#### [Source information]
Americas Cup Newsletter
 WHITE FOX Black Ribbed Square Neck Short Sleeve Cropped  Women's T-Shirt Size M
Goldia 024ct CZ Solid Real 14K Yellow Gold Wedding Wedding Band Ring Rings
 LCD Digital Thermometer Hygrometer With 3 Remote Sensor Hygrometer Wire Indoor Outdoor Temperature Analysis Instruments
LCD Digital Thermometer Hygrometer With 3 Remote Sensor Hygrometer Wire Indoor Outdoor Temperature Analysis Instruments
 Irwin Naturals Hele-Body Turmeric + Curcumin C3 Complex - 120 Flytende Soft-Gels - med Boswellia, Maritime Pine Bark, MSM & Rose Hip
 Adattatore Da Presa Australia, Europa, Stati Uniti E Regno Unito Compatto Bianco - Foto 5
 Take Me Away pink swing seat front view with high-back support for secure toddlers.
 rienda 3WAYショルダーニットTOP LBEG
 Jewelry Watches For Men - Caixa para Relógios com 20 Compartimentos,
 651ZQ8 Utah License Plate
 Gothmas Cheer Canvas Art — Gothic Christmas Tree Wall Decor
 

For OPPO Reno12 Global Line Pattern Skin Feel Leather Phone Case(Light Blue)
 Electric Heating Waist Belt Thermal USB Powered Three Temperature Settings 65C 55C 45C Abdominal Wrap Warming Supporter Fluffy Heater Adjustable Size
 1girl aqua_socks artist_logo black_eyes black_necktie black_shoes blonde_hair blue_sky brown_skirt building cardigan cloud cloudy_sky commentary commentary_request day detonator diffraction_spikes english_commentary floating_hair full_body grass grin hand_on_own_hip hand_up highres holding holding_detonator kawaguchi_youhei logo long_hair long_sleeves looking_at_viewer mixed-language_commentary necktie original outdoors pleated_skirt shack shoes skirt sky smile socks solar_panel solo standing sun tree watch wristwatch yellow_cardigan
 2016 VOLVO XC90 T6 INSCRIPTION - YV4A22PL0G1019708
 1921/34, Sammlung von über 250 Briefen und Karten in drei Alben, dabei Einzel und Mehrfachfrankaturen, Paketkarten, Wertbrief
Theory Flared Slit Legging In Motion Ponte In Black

#### [Exercise]
Your answer must be the data above, copied exactly from its first line through the line containing "rienda 3WAYショルダーニットTOP LBEG", and nothing more.

#### [Reply]
Americas Cup Newsletter
 WHITE FOX Black Ribbed Square Neck Short Sleeve Cropped  Women's T-Shirt Size M
Goldia 024ct CZ Solid Real 14K Yellow Gold Wedding Wedding Band Ring Rings
 LCD Digital Thermometer Hygrometer With 3 Remote Sensor Hygrometer Wire Indoor Outdoor Temperature Analysis Instruments
LCD Digital Thermometer Hygrometer With 3 Remote Sensor Hygrometer Wire Indoor Outdoor Temperature Analysis Instruments
 Irwin Naturals Hele-Body Turmeric + Curcumin C3 Complex - 120 Flytende Soft-Gels - med Boswellia, Maritime Pine Bark, MSM & Rose Hip
 Adattatore Da Presa Australia, Europa, Stati Uniti E Regno Unito Compatto Bianco - Foto 5
 Take Me Away pink swing seat front view with high-back support for secure toddlers.
 rienda 3WAYショルダーニットTOP LBEG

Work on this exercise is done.